Repeat everything in the data exactly except images.

_GIVEN DATA:_
======
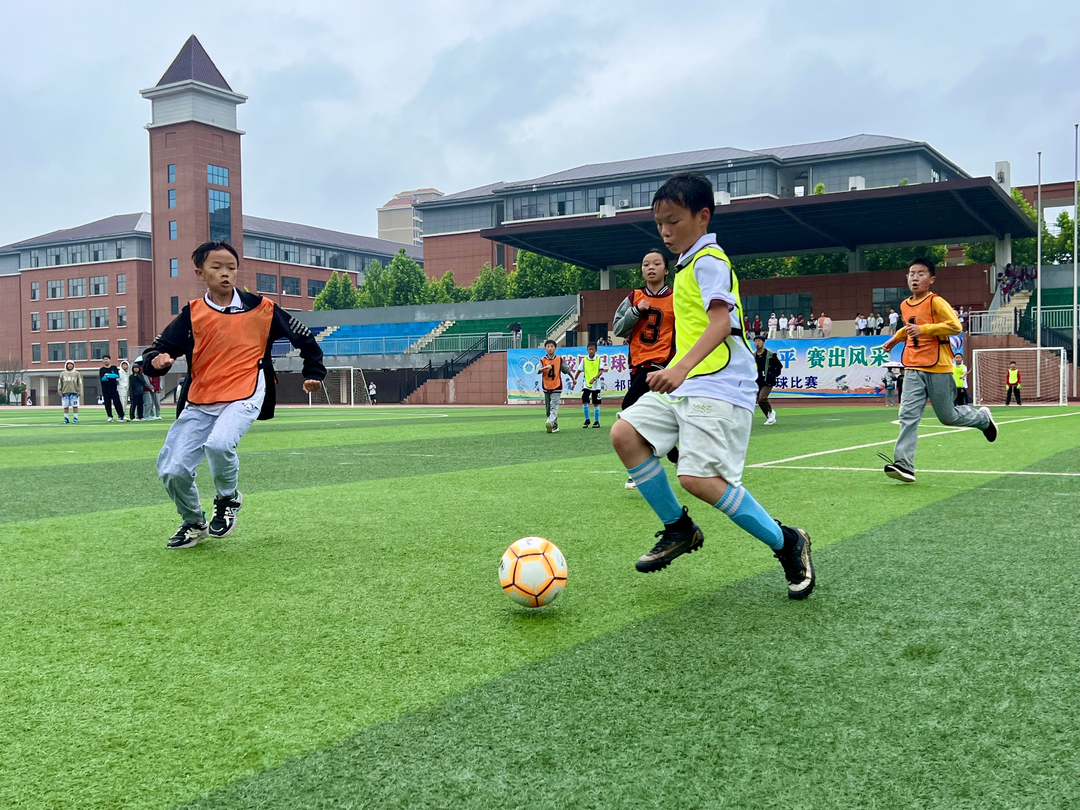 宝塔小学：举办校园足球班级联赛活动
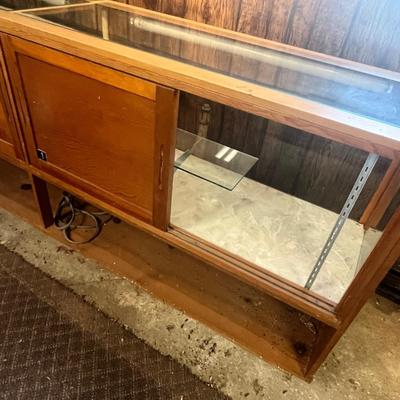 Lot 1 8 Foot display case
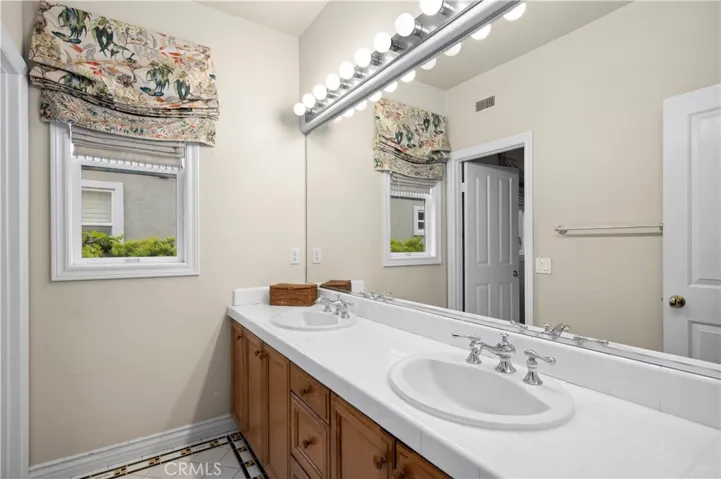 41 Whitehall, Newport Beach, California 92660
======
_TASK OUTPUT:_
 宝塔小学：举办校园足球班级联赛活动
 Lot 1 8 Foot display case
 41 Whitehall, Newport Beach, California 92660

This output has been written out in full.